Our goal is then to translate these observations into a function of $w, e, n$ which closely lower bounds $\lambda$ in the range $30 \le \lambda \le 128, 3 \le w \le 10, 2^6 \le n \le 2^{30}$. The general strategy is to upper bound the $e$ coordinate of the phase transition point $f = (e^*, -9.2)$ and lower bound the slope of the linear trend lines. These bounds can then be combined with the well defined impact of small structures and plateaus to obtain a lower bound of $\lambda$.

For all $w \in {3, 4, 5, 7, 9, 14, 20, 100}$ we observe that the $e$ coordinate of the phase transition point $f = (e^*, -9.2)$ has a positive correlation with $w$. Figure 9 depicts this relation by plotting $e$ for various $w$. As can be seen, the relationship is roughly linear. Recall that our objective is derive a function which will lower bound $\lambda$ given the other parameters, and therefore we need to upper bound $e$ in the curve in Figure 9. We achieve this in a piecewise manner with cases $w = 3, w = 4, w \ge 5$. For the first two cases we simply take the empirically obtained values while for $w \ge 5$ we propose the upper bound

$$ e^* = \begin{cases} 1.223 & \text{if } w = 3 \\ 1.293 & \text{if } w = 4 \\ 0.1485w + 0.6845 & \text{otherwise} \end{cases} . \quad (2) $$

This upper bound is depicted as the dashed line in Figure 9. As can be seen at $w = 20$, the empirically obtained values have a slightly sublinear growth which was further validated at $w = 100$. Since we are primarily interested in $w \le 10$, we argue that this upper bound is sufficiently accurate.

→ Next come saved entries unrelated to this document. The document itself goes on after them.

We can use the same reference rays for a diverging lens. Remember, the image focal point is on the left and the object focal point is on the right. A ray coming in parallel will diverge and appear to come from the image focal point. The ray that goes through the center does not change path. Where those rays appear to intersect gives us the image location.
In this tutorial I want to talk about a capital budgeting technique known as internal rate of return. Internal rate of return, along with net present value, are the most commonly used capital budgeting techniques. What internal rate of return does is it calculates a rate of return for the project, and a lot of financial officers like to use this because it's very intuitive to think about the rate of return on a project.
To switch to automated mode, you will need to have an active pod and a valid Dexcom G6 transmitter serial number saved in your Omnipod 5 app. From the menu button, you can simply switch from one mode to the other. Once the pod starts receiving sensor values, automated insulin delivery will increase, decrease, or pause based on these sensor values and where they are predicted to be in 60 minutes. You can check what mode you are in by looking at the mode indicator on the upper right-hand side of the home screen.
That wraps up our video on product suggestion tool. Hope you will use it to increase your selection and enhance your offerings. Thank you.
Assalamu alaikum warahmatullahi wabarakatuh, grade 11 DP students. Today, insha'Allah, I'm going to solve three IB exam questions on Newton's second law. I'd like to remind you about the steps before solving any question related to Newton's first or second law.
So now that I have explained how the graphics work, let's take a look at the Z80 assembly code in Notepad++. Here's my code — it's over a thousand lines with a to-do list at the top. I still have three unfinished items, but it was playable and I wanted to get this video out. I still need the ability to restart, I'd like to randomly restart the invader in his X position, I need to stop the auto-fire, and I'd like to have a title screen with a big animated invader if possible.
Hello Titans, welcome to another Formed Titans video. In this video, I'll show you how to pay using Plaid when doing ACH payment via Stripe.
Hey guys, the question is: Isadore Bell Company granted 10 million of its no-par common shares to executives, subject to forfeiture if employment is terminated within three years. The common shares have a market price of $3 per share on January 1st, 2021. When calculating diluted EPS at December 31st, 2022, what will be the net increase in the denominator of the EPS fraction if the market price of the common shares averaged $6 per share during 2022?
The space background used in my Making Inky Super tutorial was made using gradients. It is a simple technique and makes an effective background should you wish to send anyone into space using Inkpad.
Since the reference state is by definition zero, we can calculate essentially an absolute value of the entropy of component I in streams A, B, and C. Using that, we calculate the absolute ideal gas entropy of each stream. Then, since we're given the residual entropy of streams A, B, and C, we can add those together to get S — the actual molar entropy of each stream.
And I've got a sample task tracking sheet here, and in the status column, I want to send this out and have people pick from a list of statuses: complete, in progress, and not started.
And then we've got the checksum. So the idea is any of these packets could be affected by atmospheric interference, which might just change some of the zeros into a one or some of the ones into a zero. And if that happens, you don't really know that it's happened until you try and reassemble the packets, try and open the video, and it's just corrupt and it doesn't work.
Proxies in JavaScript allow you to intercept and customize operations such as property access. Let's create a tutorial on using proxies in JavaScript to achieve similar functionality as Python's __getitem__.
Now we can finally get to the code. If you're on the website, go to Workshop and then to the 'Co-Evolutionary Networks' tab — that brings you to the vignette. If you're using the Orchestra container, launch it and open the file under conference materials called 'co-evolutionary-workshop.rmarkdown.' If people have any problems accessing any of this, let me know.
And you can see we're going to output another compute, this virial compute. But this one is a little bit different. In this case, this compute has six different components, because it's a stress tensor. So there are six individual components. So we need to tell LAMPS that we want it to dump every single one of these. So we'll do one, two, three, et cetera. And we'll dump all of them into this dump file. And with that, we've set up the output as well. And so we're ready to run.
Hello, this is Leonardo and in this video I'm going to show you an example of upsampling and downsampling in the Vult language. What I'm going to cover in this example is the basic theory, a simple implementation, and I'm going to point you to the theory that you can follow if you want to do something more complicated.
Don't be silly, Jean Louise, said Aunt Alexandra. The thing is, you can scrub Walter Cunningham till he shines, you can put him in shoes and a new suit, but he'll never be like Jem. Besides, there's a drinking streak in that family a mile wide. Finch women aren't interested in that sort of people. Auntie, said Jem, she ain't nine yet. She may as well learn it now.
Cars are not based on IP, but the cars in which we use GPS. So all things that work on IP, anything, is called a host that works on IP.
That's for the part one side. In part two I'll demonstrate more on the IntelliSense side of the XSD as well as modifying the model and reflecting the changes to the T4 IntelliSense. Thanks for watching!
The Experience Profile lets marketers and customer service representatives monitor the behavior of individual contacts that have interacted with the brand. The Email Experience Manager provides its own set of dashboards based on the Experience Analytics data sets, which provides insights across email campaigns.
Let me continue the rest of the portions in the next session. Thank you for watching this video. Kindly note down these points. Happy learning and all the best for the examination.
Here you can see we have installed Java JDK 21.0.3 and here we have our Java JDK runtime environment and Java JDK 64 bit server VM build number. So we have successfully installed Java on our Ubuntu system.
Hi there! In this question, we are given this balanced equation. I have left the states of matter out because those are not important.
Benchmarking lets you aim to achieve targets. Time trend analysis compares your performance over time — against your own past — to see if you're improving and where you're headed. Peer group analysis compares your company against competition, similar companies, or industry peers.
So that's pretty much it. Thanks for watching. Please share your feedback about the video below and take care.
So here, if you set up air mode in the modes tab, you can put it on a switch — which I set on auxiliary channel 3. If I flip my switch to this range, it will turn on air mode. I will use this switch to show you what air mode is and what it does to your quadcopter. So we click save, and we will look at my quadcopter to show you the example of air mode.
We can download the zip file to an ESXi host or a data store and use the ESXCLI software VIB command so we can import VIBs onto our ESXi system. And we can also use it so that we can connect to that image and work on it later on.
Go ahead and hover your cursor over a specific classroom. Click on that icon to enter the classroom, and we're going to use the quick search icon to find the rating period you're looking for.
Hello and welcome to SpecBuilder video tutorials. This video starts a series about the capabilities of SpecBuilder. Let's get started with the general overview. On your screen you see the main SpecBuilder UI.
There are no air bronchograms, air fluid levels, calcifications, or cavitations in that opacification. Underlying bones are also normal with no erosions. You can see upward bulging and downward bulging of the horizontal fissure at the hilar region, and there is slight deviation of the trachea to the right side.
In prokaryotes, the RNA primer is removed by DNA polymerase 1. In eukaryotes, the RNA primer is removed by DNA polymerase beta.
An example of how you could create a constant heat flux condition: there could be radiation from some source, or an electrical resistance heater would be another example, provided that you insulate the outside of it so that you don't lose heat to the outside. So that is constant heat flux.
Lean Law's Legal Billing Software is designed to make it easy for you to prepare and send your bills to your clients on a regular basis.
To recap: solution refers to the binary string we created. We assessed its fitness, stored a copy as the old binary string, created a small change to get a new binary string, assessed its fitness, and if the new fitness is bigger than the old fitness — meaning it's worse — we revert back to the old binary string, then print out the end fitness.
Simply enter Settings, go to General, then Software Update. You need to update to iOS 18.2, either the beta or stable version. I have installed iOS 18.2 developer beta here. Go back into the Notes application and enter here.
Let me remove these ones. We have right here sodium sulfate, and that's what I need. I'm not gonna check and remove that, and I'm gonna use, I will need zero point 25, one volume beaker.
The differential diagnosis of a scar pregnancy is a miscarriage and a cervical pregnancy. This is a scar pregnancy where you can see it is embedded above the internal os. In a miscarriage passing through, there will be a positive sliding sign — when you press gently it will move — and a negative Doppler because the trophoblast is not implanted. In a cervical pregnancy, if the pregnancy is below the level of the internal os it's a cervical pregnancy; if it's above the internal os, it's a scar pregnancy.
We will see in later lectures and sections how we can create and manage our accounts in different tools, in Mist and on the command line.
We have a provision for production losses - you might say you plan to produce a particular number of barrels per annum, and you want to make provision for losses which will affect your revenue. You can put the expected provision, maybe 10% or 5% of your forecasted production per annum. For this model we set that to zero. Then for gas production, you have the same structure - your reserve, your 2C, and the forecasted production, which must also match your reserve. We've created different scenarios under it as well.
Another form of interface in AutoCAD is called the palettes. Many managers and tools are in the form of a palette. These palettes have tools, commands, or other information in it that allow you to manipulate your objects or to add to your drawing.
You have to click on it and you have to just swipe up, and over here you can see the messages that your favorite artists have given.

Finally, we turn our attention to understanding the distribution of the slope $(\lambda/e)$ of the linear trend lines. Figure 11 shows this relationship between the log slope and log $n$ for various $w$. It is immediately clear that there is a linear relationship between $\log(\lambda/e)$ and $\log(n)$. The slope of this relationship is 0.55. This closely agrees with the predicted value of 1/2 from [7]. Indeed, [7] states that the width of the phase transition varies as $\Theta(n^{-1/2})$. The slope of the phase transition line is inversely related to the width of the phase transition window, that is, $\lambda/e \propto \Theta(n^{1/2})$. Thus, theoretically, the slope of the linear relationship between $\log(\lambda/e)$ and $\log(n)$ would be 1/2, which closely matches our empirical value of 0.55.

As expected, the slope is the same for all measured $w$ but each line has a different additive offset. To understand this offset we plot the same measurements in Figure 12 where we now compare the log slope with log $w$ for various $n$. The linear growth rate in Figure 11 corresponds to even spacing between all the curves. We observe that $w \in {3, 4, 5}$ all have approximately the same slope with $w = 4$ being slightly higher. Then as $w$ increases we observe a general trend of the slopes decreasing. Again, our goal is to lower bound the slope. We achieve this via the polynomial

$$ \log_2(\lambda/e) = 0.55 \log_2(n) + 0.093w'^3 - 1.01w'^2 + 2.92w' - 0.13 \quad (3) $$

for the range $3 \le w \le 20$ and $w' := \log_2(w)$. We note that outside this range the polynomial quickly becomes an upper bound and further investigation is required to obtain a more general lower bound. We plot this lower bound in Figure 12 as the dashed lines. In summary, one can solve Equation 2 and 3 to obtain the phase transition line, then compute $e$ and $\hat{g} = \lfloor \frac{\lambda}{(w-2) \log_2(en)} \rfloor$.

3.3 Performance of our algorithm

Optimal for $g = 0$. Our first positive result for general $w$ is that our algorithm is optimal for the case of $g = 0$. Revisiting step 2 of the algorithm, note that for $g = 0, \delta = n$. This means that the rows can be ordered such that every row of $H$ has a corresponding sparse column which contains a non-zero entry in that row and some of the subsequent rows. This corresponds exactly with the case of the hypergraph induced by the sparse part of $H$ having an empty 2-core and hence can be completely peeled. Indeed, in this case, the optimal way of solving the system is via back-propagation which is done in $O(m)$ time by step 5 of our algorithm.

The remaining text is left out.